At least one answer is: what choice have they had? What equally vivid, galvanizing themes have been articulated by Democrats in response? How has the Obama Administration's political style defined the President, his core values and beliefs?

The Obama Administration needs to learn that there is more at stake in their debates with Republicans than the immediate legislation at hand. The timid, accommodating Democratic posture of the last thirty years has ceded more than mere political ground to conservatives. Every substantive and rhetorical bone thrown to the right has propped up an ever expanding, ever more influential edifice of crazy.

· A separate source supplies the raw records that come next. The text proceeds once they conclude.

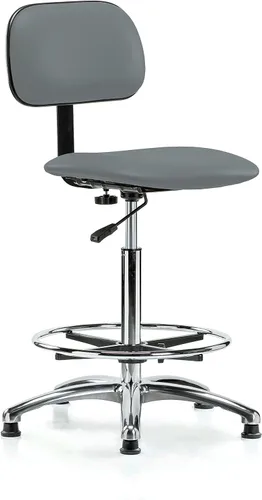 Vista 96 de Perch - Silla de laboratorio cromada con respaldo ajustable, altura del escritorio de 17 a 22 pulgadas, tela negra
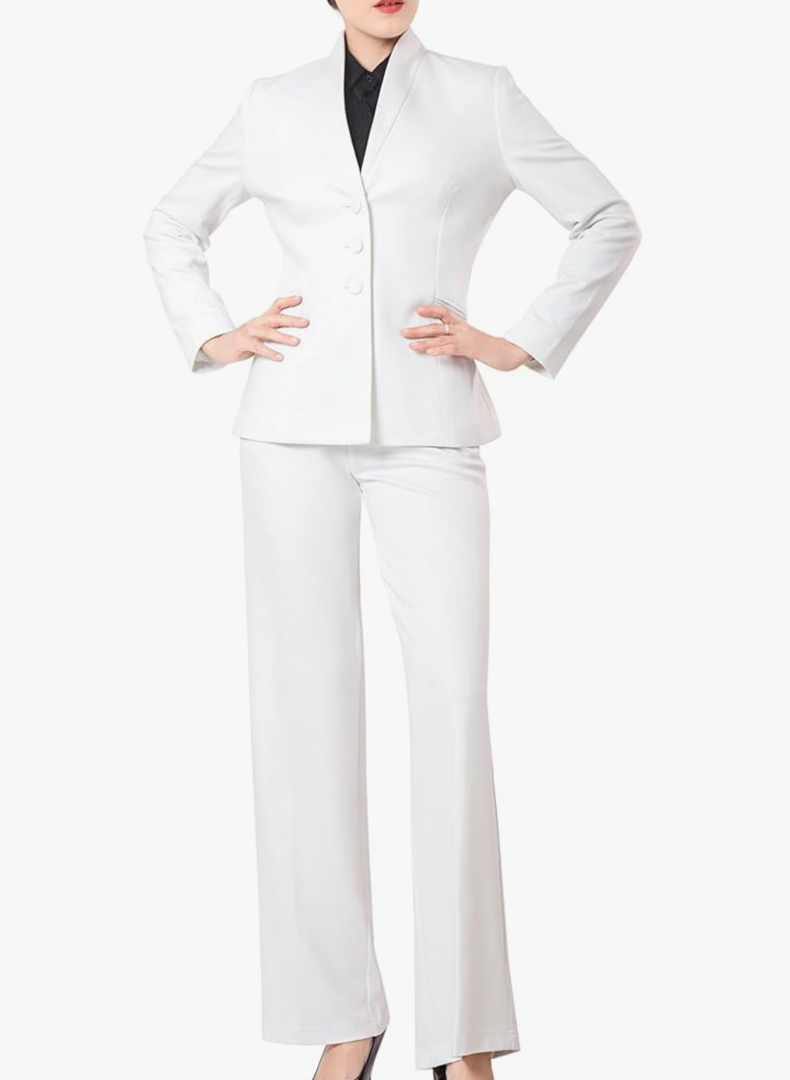 Marycrafts Women's Business Outfit Blazer Wide Leg Pant Suits Set for Work Size 6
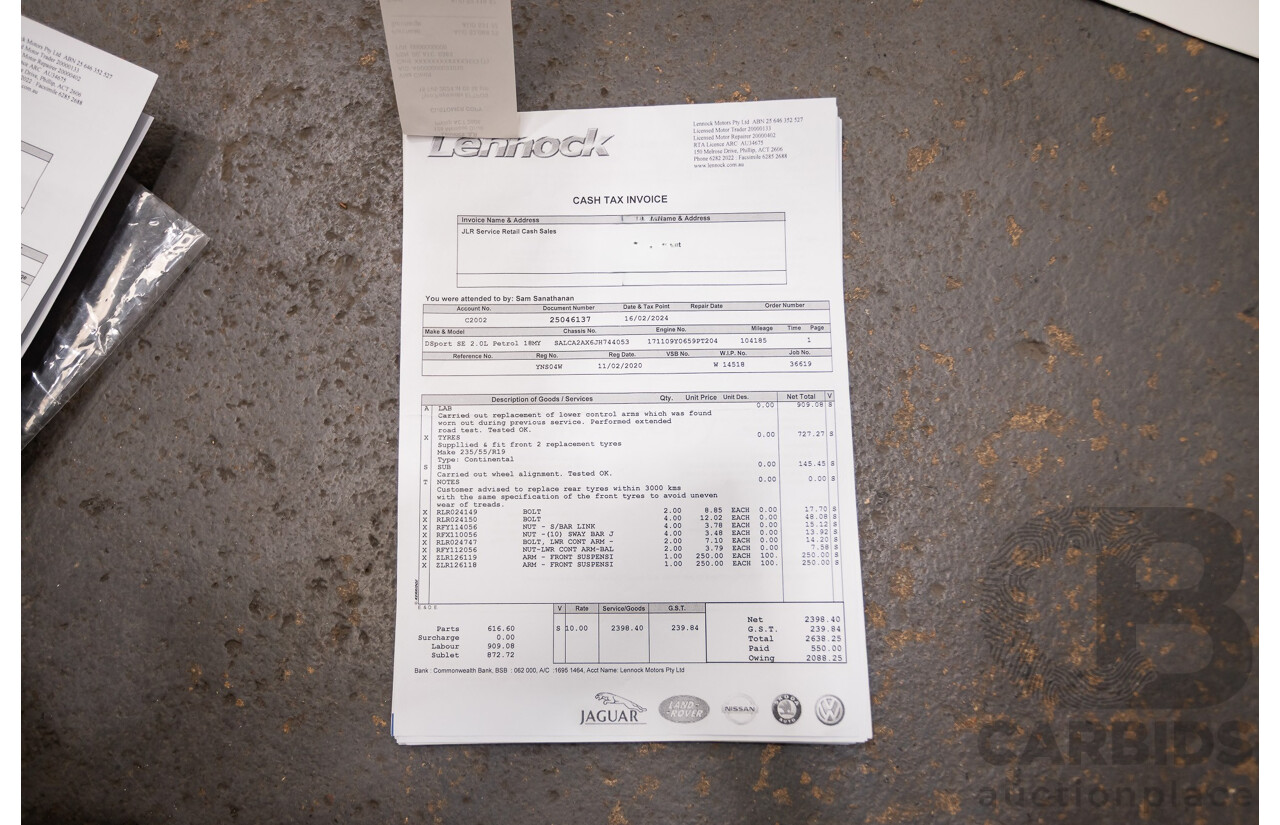 01/2019 Land Rover Discovery Sport Si4 (213kW) SE (AWD) L550 MY19 4D Wagon Fuji White Turbo 2.0L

When the Obama Administration ran away from including a public option in the health care plan, or the restoration of Glass-Steagal-type financial "firewalls," when it preemptively shaved the stimulus spending down to about half of what it should have been, at a time when those ideas were being described as "tyrannical," it not only lent credence to the fantastical free-market premises that got us into this crisis in the first place, it encouraged the foundational beliefs of the former lunatic "fringe" that has taken over the conservative movement.

Yet the White House has treated the sudden Republican concern with the deficit as genuine, once again preemptively ceding ground -- three trillion dollars worth of ground -- on all the Bush tax cuts except those aimed at the top two-percent, and then quickly given up the fight for even that relatively thin slice of sanity. They have allowed Republicans to characterize the entirely sensible, conventional idea that stimulative spending is good for a contracting economy as the wild-eyed profligacy of a socialist bent on wrecking the economy as "payback for slavery," as Rush Limbaugh recently put it. If the White House thought that kind of idea was too crazy to gain any purchase with the public, they haven't been paying attention.

Which wouldn't be unusual for Democrats. The habitually cool response of the administration to the right's paranoid, delusional rhetoric is a repeat of the same political mistake Democrats like Michael Dukakis, Bill Clinton and John Kerry have been making for years -- underestimating the metastatic reach of such rhetoric and the tenacious hold it can take in the public consciousness. But the stakes are so much higher now than they used to be.

If the last thirty years teaches us anything, it's that the Obama Administration needs to shake off worries about dignifying conservative craziness with a response. And they need to do it before they're Swift Boated, Willie Hortoned, Whitewatered, or worse. Whatever happens in November, they need to use the next two years to forcefully, repeatedly confront the delusionists, articulate a clear vision in powerfully symbolic language, and connect the dots between that vision and policy. They need to learn how to fight the good fight, even for causes that might, at the moment, seem hopeless, and especially for the most direly consequential cause of all: keeping our politics from going completely off the rails. There's more at stake than just an election.